Assignment: Retype the data exactly, skipping any picture in it.
*** Given material ***
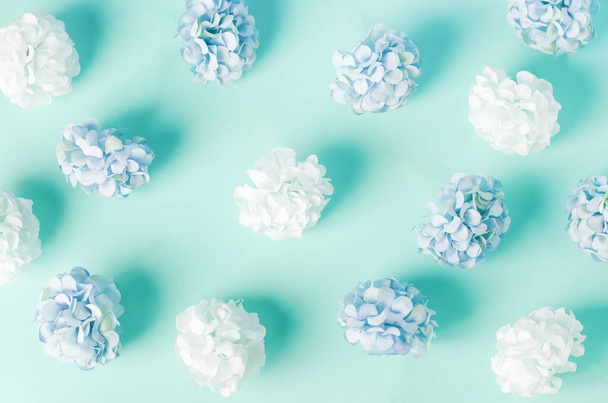 Blue and white Hydrangea flowers pattern on blue background - Fotografie, Obrázek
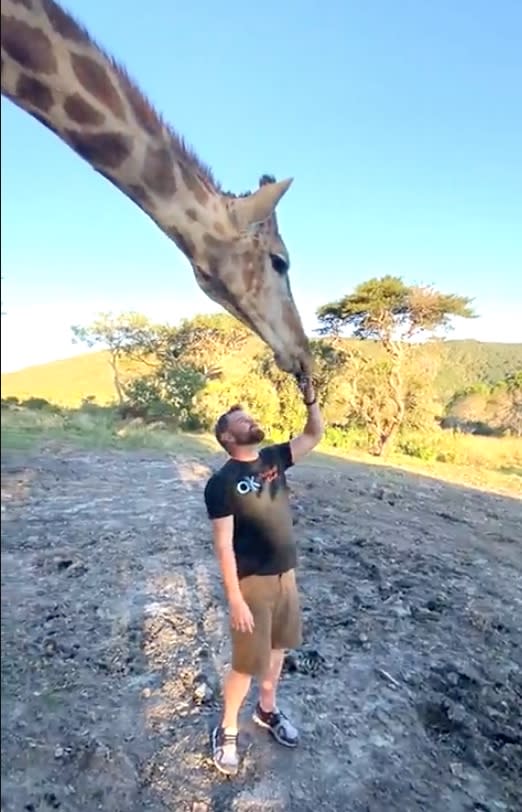 Whitley with a giraffe he examined in South Africa in 2022. (Oklahoma Chiropractic)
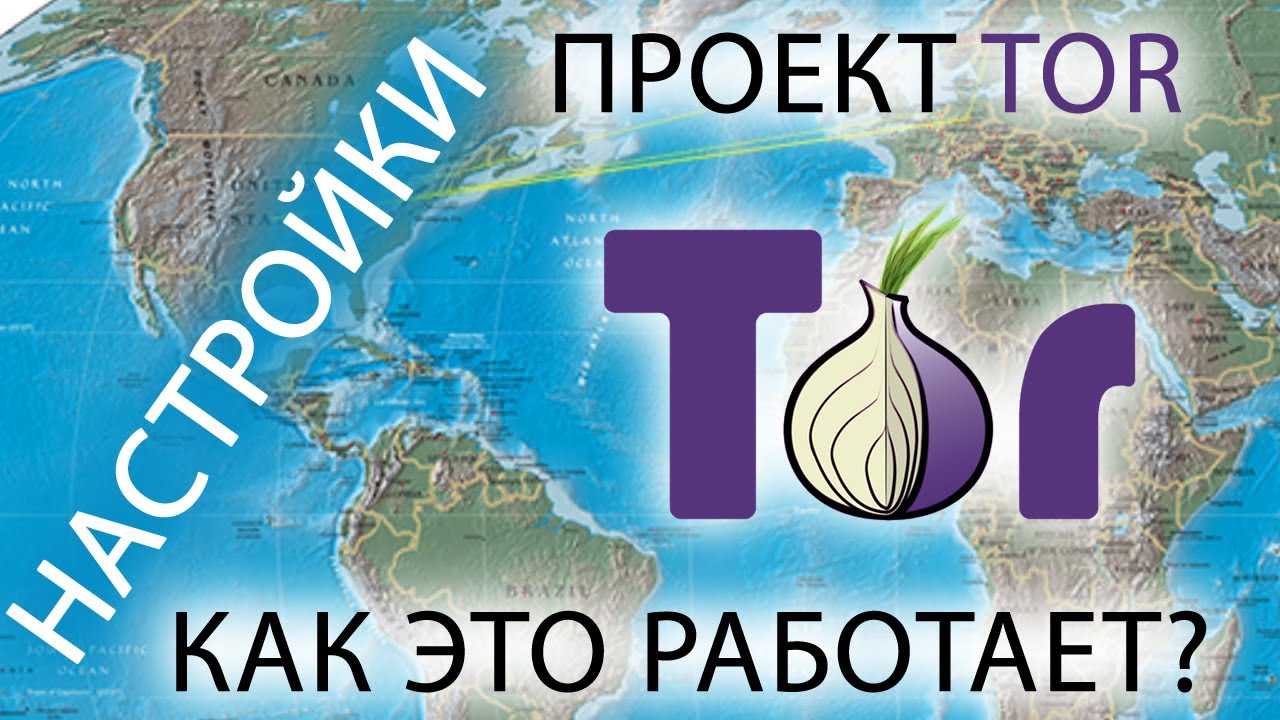 Почему не работает кракен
*** End of Given material ***
Response to the task:
 Blue and white Hydrangea flowers pattern on blue background - Fotografie, Obrázek
 Whitley with a giraffe he examined in South Africa in 2022. (Oklahoma Chiropractic)
 Почему не работает кракен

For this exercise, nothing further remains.